AMBASSADOR SHANNON: Thank you. Thank you very much and good afternoon. It’s obviously a pleasure to be here, to be back in Washington after the last several days spent in Caracas. I went down on Tuesday and came back late yesterday. And the visit, as I think you know, was done at the request of Secretary Kerry and the invitation of the Venezuelan Government and was the product of the meeting between Secretary Kerry and the Venezuelan foreign minister in Santo Domingo during the OAS General Assembly. And on Tuesday, I had the opportunity to meet with members of the Venezuelan opposition and leaders of the national assembly. On Wednesday, I met with representatives of civil society. I also met with the Venezuelan foreign minister and the Venezuelan President Nicolas Maduro. And on Thursday, I spent time with our embassy staff in Caracas. I also met with members of the diplomatic corps and also with foreign Spanish Prime Minister Jose Luis Rodriguez Zapatero, who along with the Dominican President Leonel Fernandez, and the former Panamanian President Martin Torrijos, are managing or facilitating a dialogue process between the government and the opposition.
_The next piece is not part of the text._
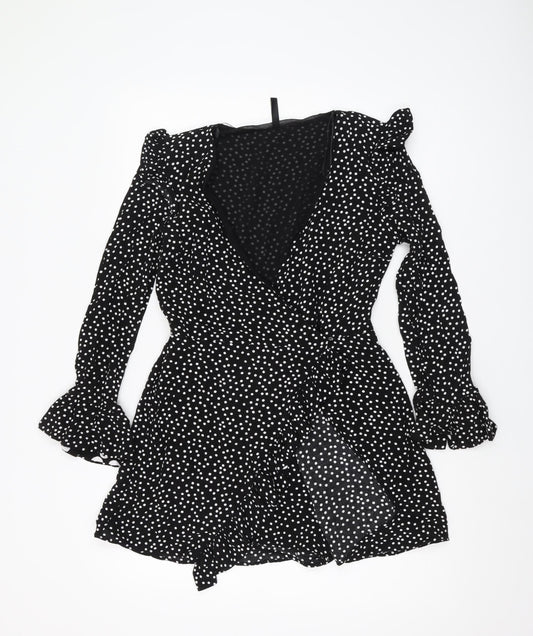 Zara Women's Black Polka Dot Playsuit Size 12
Very quickly, the purpose of the visit, as I think you know, was twofold: First was to engage with the Venezuelan Government in order to maintain open channels of communication, explain our policy and approach towards Venezuela, and explore the Venezuelan Government’s willingness to work with us on issues of common interest; and second, to engage with the many sectors of Venezuelan society and to understand better the challenges facing Venezuela and how we, along with the rest of the inter-American community, can help Venezuela face some really significant crises, both political, economic, and social.

I think I’ll stop there for the moment. I’m happy to respond to your questions and use those questions to address whatever aspect of the trip you would like to address. But thank you very much.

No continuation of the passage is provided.